Pachenko’s hand sat on his shoulder holster. Too close. I’d already moved up on Fleiss, making a backup plan in slow motion. One. Snatch the knife. Two. Stab Fleiss in the throat. Push her toward Pachenko. Three, roll over desk, grab Cameron, use him as a shield—
Instead of a gun, he whipped out an envelope. A big glossy plastic mailer, half sealed. Rubber-banded stacks of bills peeked out at me through the flap.
“Thirty thousand dollars,” Fleiss said. “As agreed.”
“You can count it if you want,” Cameron said so quickly he stumbled over the words.
I waved a hand, taking in the room.
“That’s okay.” I finished sealing the envelope and tucked it under my arm. “You wouldn’t stiff me. I know where you live.”
“I hope we didn’t put you to any trouble,” Fleiss said.
“Nah. Walk in the park.”
Cameron got up, wobbly-legged, and walked around the desk. He thrust out his hand.
“Thanks for coming,” he said. His eyes said something different. They darted left and right like a crazed ferret, the alcohol not strong enough to quell his fear.
When I shook his hand, I felt more than skin. A tiny square of folded paper rested in his palm. I snaked it into mine and pinned it with my thumb.
“We’ll see that Mr. Faust gets home safely,” Fleiss told Cameron.
I wasn’t out of the woods yet. Considering Cameron wasn’t the shot-caller around here—and didn’t know about the first time Fleiss and Pachenko nearly killed me as part of the “job interview”—the payoff could have been a charade to keep him happy. Lead me off the ranch, gun me down, and take the cash back? It wasn’t out of the realm of possibility.

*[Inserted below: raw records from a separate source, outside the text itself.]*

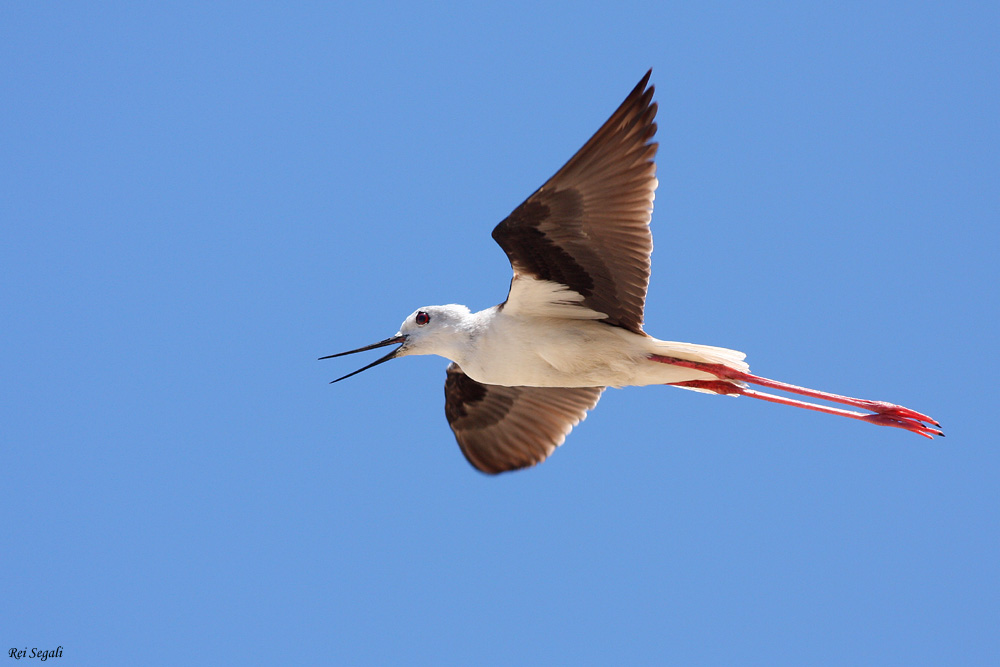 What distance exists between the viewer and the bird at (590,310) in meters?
6.55

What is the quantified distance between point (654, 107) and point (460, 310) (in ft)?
7.78

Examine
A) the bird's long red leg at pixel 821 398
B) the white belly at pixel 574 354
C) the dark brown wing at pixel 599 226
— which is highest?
the dark brown wing at pixel 599 226

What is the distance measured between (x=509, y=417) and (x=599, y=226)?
106 inches

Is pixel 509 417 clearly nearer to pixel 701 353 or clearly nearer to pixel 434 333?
pixel 434 333

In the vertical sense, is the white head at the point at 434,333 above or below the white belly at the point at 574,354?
above

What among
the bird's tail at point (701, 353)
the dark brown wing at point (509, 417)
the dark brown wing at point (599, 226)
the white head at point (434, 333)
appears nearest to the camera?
the dark brown wing at point (599, 226)

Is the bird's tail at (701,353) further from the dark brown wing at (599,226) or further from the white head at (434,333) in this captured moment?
the white head at (434,333)

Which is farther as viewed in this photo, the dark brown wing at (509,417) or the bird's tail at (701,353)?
the dark brown wing at (509,417)

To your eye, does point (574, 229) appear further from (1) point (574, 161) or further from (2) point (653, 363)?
(2) point (653, 363)

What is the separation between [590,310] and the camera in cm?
731

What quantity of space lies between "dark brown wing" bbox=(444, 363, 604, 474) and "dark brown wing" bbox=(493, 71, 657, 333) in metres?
1.60

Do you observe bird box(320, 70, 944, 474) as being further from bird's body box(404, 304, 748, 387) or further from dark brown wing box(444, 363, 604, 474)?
dark brown wing box(444, 363, 604, 474)

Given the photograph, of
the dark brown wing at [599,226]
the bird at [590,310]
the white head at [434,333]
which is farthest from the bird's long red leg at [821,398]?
the white head at [434,333]

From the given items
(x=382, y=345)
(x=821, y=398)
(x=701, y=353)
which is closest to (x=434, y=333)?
(x=382, y=345) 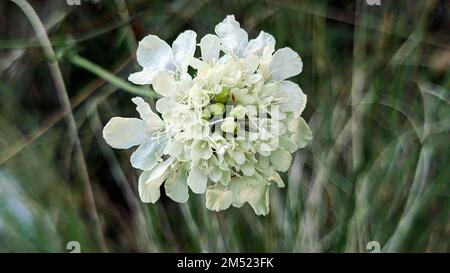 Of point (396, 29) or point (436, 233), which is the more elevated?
→ point (396, 29)

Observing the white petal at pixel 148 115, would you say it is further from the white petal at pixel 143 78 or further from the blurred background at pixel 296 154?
the blurred background at pixel 296 154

Still, once we were back in the limo, the way Fleiss was talking had me thinking I was almost free and clear.
“We expect your continued discretion,” she said. “Frankly, we expect you to forget that you ever met Cameron Drake. Given his high profile, any public association with…if you’ll forgive me for saying so, common criminals would be ruinous for his reputation.”